What you have to do: Copy verbatim the span of lines beginning at the line that contains "35*35 cm 3D" and ending with the final line of the data. Exclude pictures from the copy.

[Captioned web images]
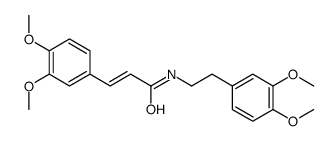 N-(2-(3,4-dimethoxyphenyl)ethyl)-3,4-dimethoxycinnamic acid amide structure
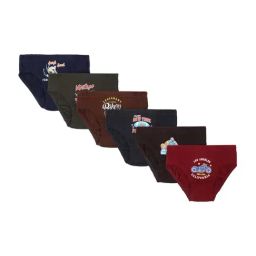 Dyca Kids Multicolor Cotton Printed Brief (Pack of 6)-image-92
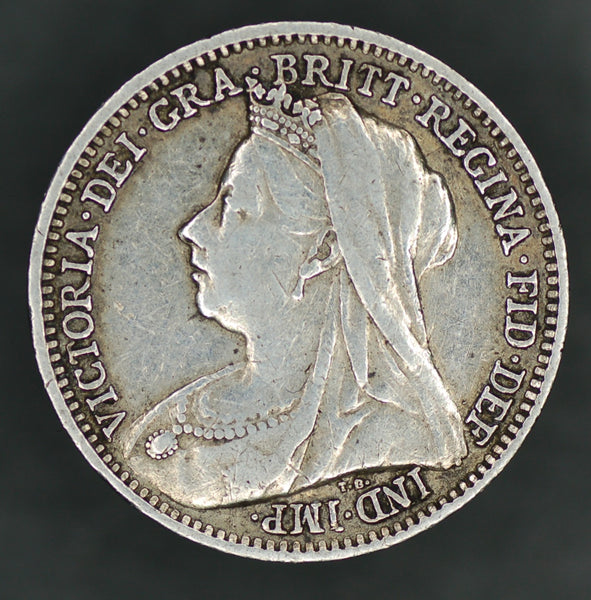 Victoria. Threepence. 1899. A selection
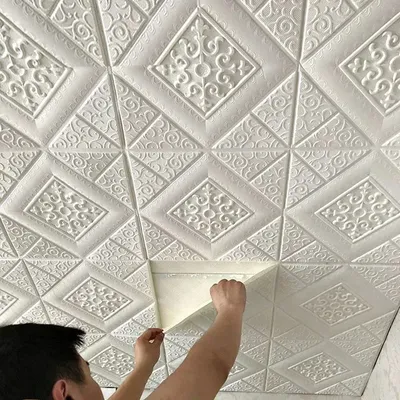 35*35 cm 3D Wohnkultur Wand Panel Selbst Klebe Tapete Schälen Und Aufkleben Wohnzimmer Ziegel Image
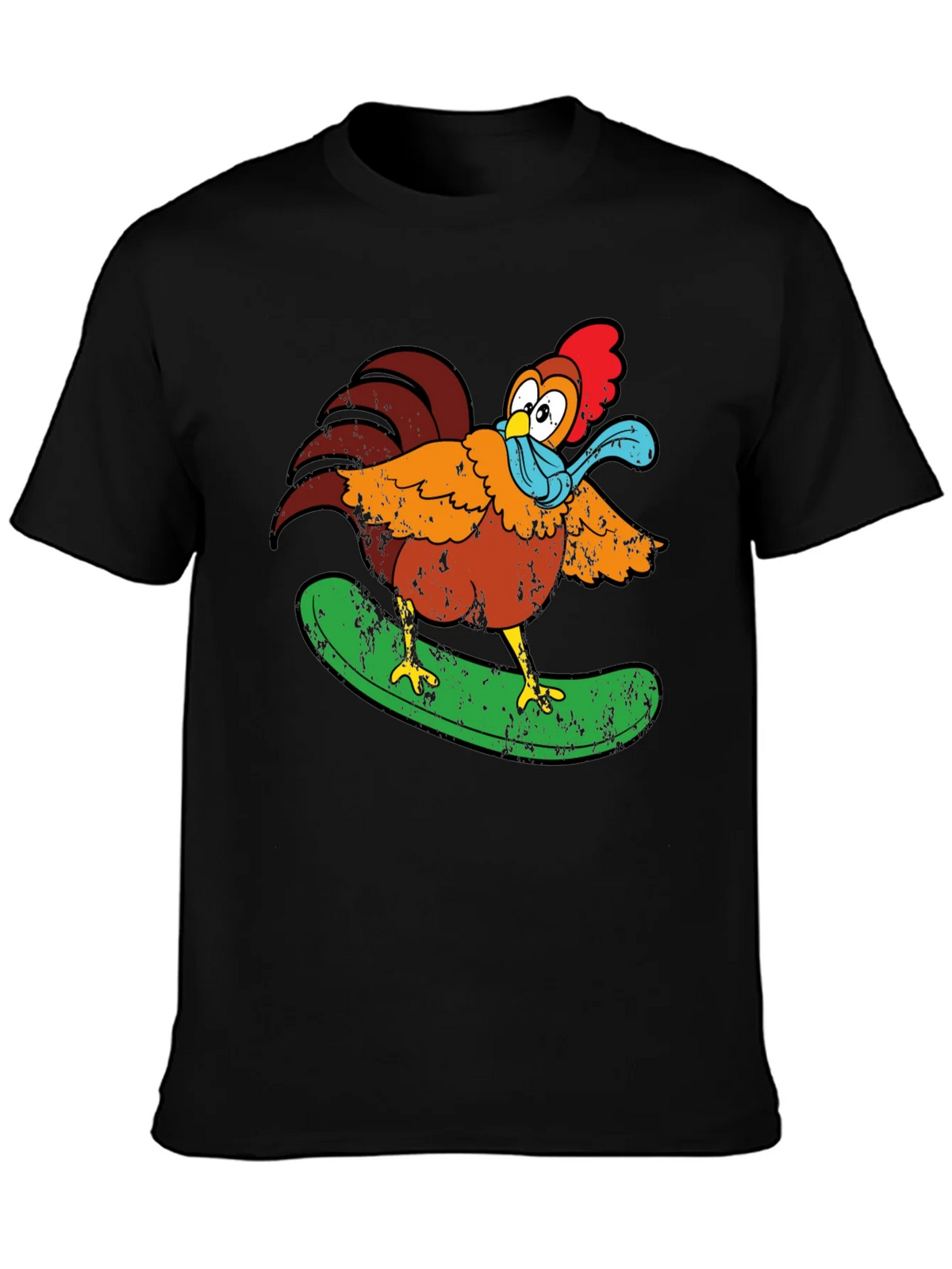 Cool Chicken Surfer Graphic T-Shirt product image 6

Exercise solution:
 35*35 cm 3D Wohnkultur Wand Panel Selbst Klebe Tapete Schälen Und Aufkleben Wohnzimmer Ziegel Image
 Cool Chicken Surfer Graphic T-Shirt product image 6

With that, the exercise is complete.